**WORK TO BE COMPLETED**
Take the line containing "致青春|街頭潮流郵差包大容量" and each line after it through the end of the data below, and return them exactly, minus any pictures.

**RECORDED DATA**
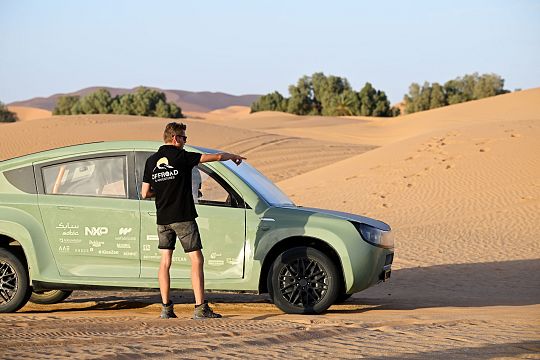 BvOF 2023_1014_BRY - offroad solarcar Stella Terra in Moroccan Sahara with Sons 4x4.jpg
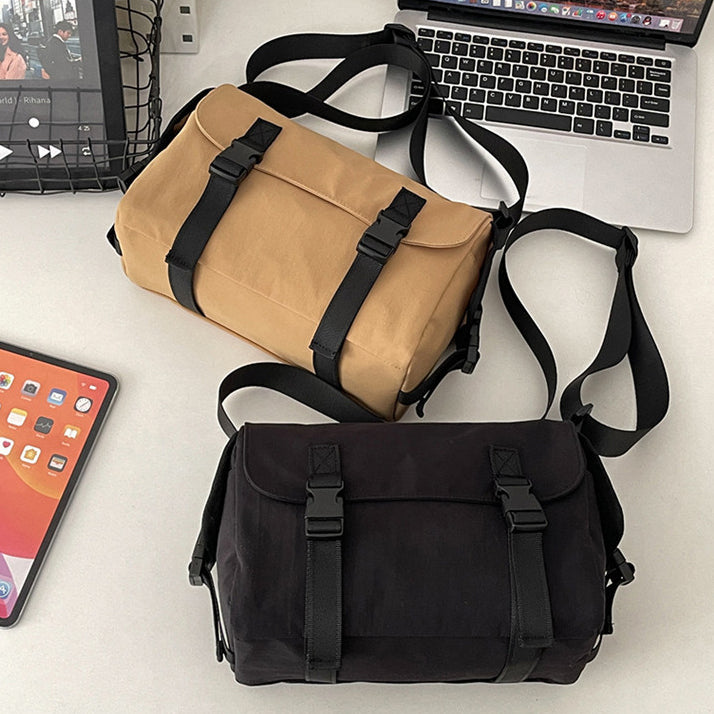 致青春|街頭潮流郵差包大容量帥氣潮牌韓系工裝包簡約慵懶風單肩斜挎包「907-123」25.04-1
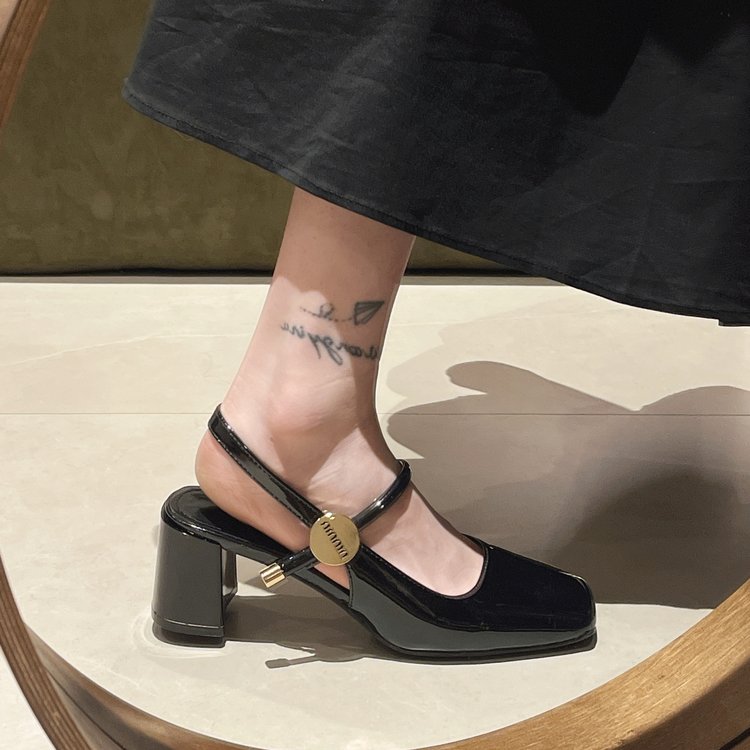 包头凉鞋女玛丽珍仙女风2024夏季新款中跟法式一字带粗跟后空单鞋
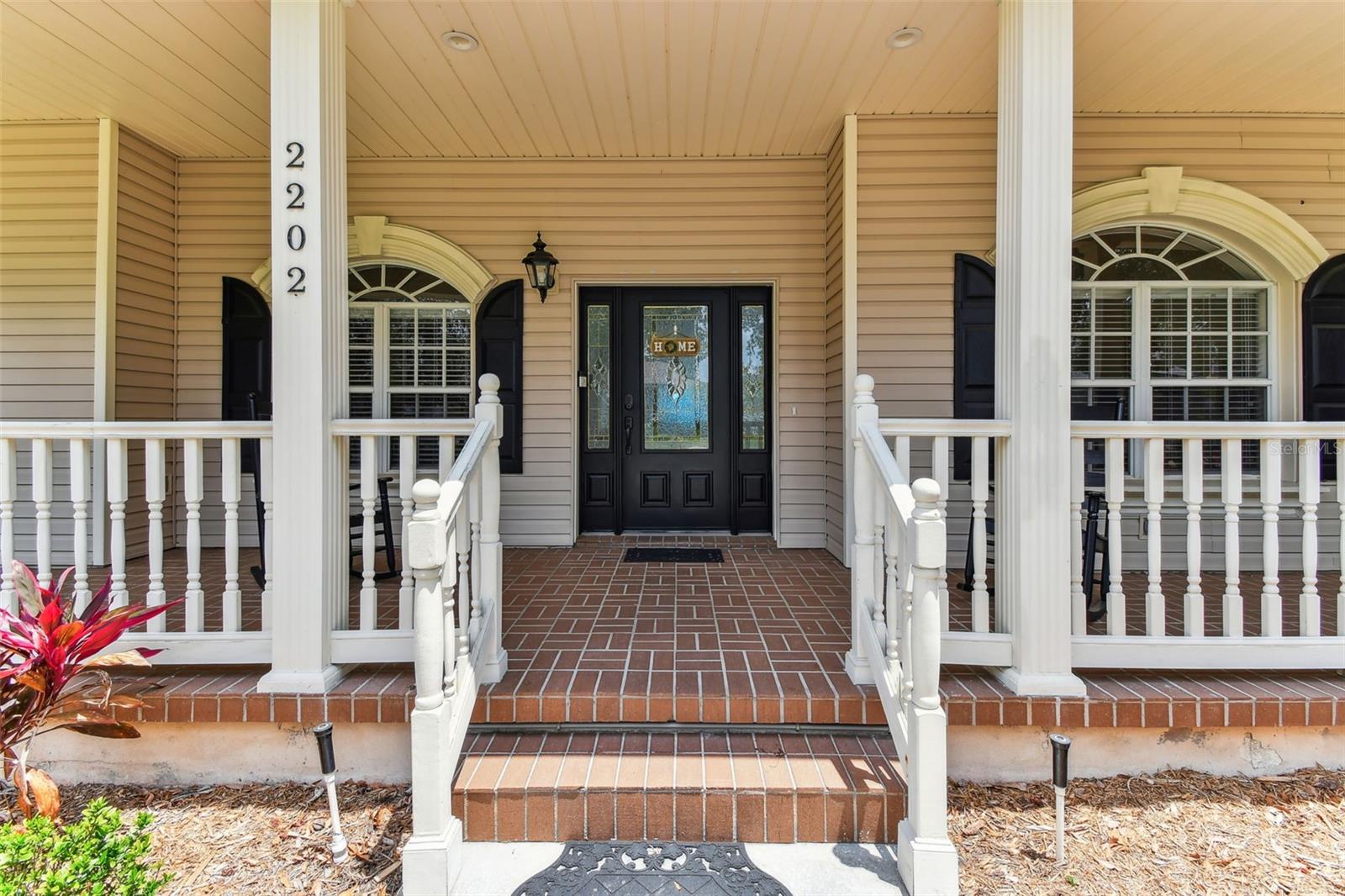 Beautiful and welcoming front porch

**RESPONSE**
 致青春|街頭潮流郵差包大容量帥氣潮牌韓系工裝包簡約慵懶風單肩斜挎包「907-123」25.04-1
 包头凉鞋女玛丽珍仙女风2024夏季新款中跟法式一字带粗跟后空单鞋
 Beautiful and welcoming front porch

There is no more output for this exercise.